Geçen yıl beklenmedik bir şey oldu. 15 Temmuz’dan sonra, Kara Kuvvetleri İstihbarat Başkanlığı’na atanan Tuğgeneral Serdar Atasoy’un FETÖ üyesi çıkmasının ardından, Kutlay Demir de istifa etti.

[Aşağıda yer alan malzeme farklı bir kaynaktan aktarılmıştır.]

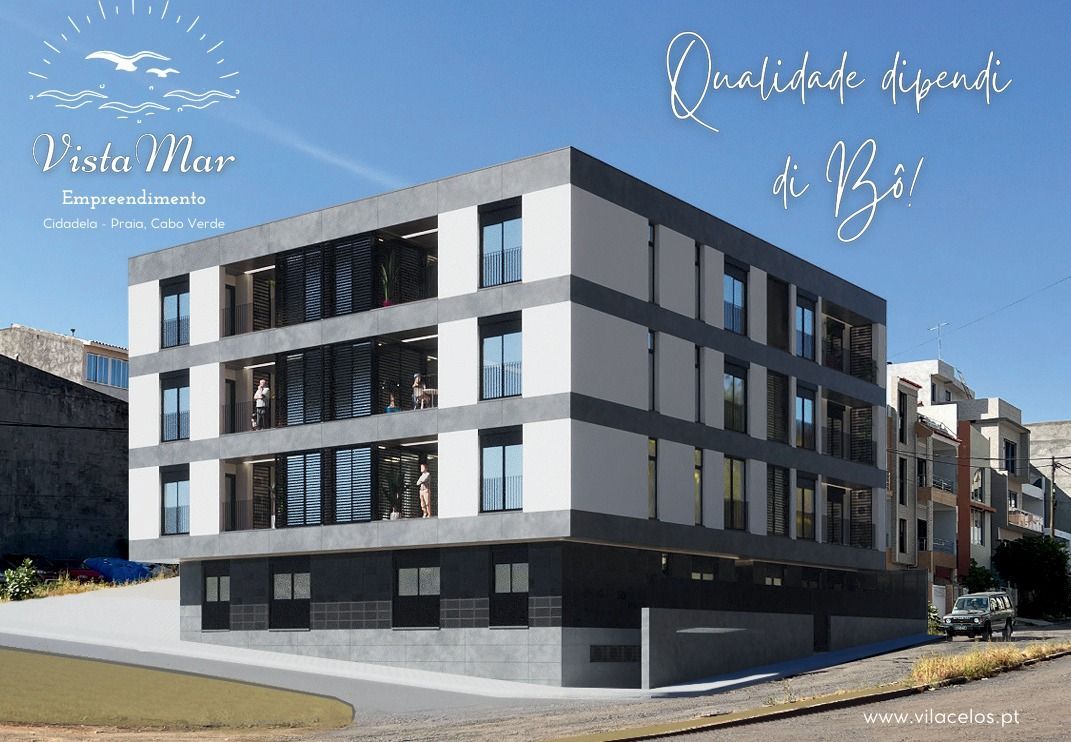 Prédio de apartamentos moderno, Vista Mar, em um local ensolarado com céu azul.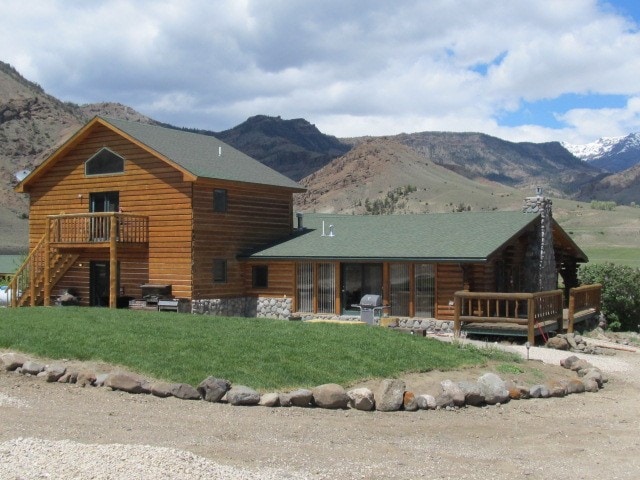 A spacious wooden cabin with a two-story design is situated against a mountainous backdrop. The exterior features a green roof, stone accents, and a wrap-around porch. Large windows enhance natural light, while a grass area and gravel pathway provide a welcoming entry.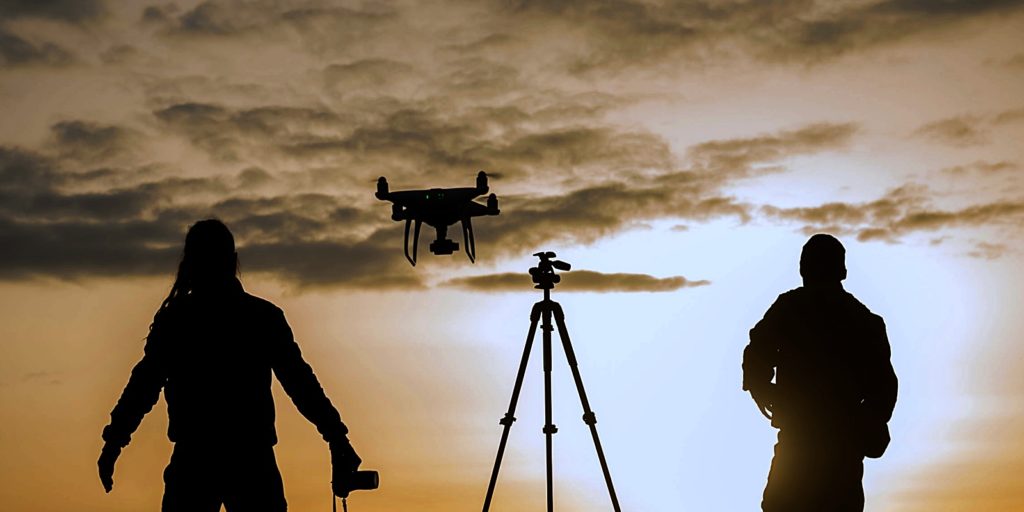 silhouettes of a film crew operating a drone that is covered with aviation liability insurance and other lines of drone insurance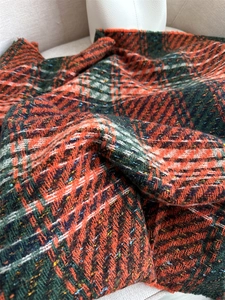 Close-up of tartan plaid scarf fabric with orange and green patterns and fringe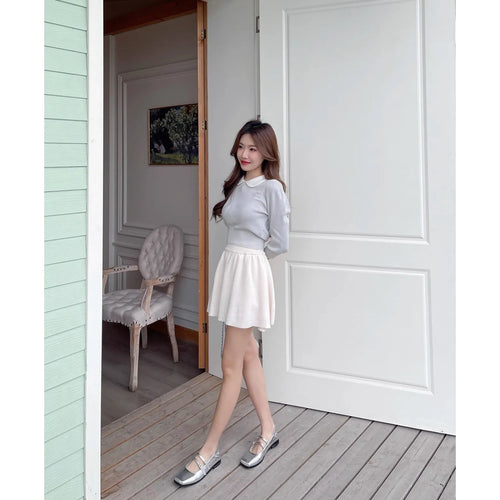 Women's silver ballet slipper pumps with a cross buckle strap, made from sheepskin leather with a flat heel.
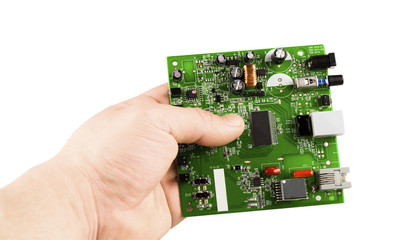 Electronic microcircuit in his hand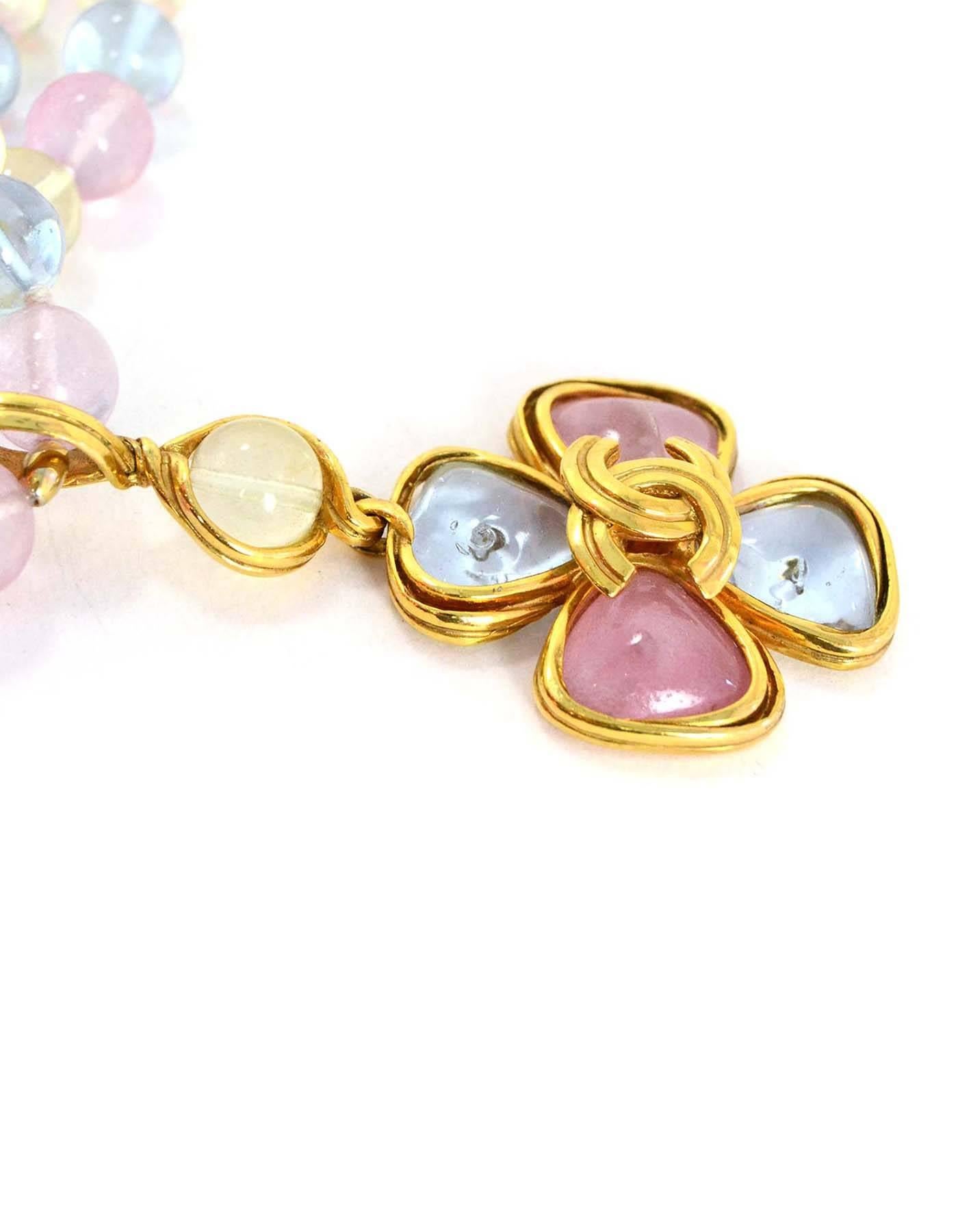 Chanel Vintage '96 Lavender & Pink Glass Bead Flower Necklace
Features goldtone CC twist lock back neck closure
Made in: France
Year of Production: 1996
Stamp: 96 CC P
Closure: CC twist lock closure
Color: Goldtone, pink, lavender, and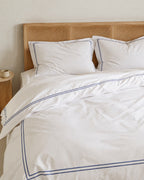 Cotton Percale Duvet Cover Set, on a made bed in morning light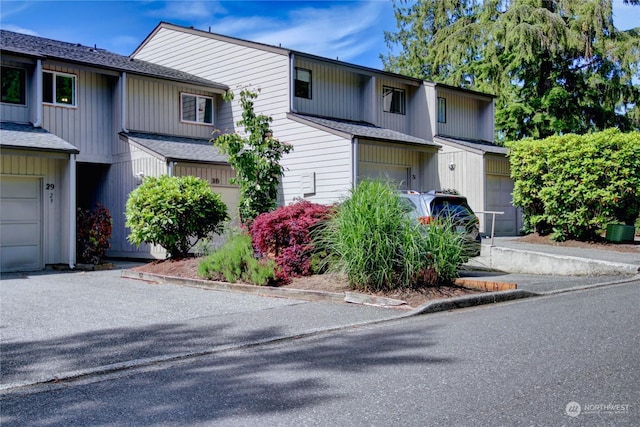 multi unit property featuring central AC and a garage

Müyesser Yıldız’ın geçen yıl anlattığına göre, istifa dilekçesi bir ay boyunca işleme konulmadı. Bu sırada, Erdoğan’a ulaşıp, kararı değiştirmeye çalışanlar oldu. Sonunda dilekçe iade edildi. Kutlay Demir, geçen yılki YAŞ’ta, başka bir yere, Diyarbakır’daki Muharip Hava Kuvvet Komutan Yardımcılığı’na atandı.
FETÖ DOSYASINDAN ÇIKTI
İşte “geçen yıl neler oldu öyle” diye merak ederken bazı
şeylere ulaştım. Gerçekten de “başka bir
cemaatten” denilerek FETÖ ile mücadelede öne çıkarılan
Demir’le ilgili, herkesi şaşırtan ilginçlikler olmuş.
Şöyle anlatayım...
Önümde Balıkesir Cumhuriyet Başsavcılığı’nın geçen yılki bir iddianamesi duruyor. 2021/11700 soruşturma numaralı dosyanın sanığı Adem Özkan. FETÖ’nün mahrem imamlığı ile suçlanıyor. FETÖ dershanelerinde öğretmen görüntüsündeki isim, iddianameye göre, Hava Kuvvetleri içindeki FETÖ bağlantılı askerleri yönetiyordu. Bunu da ankesörlü aramalarla toplantıya çağırarak yapıyordu. Savcılık, itirafçı ve tanık ifadeleri, Bylock çözümleri, telefon irtibatları dahil, çeşitli delillerle bunu tespit etmiş.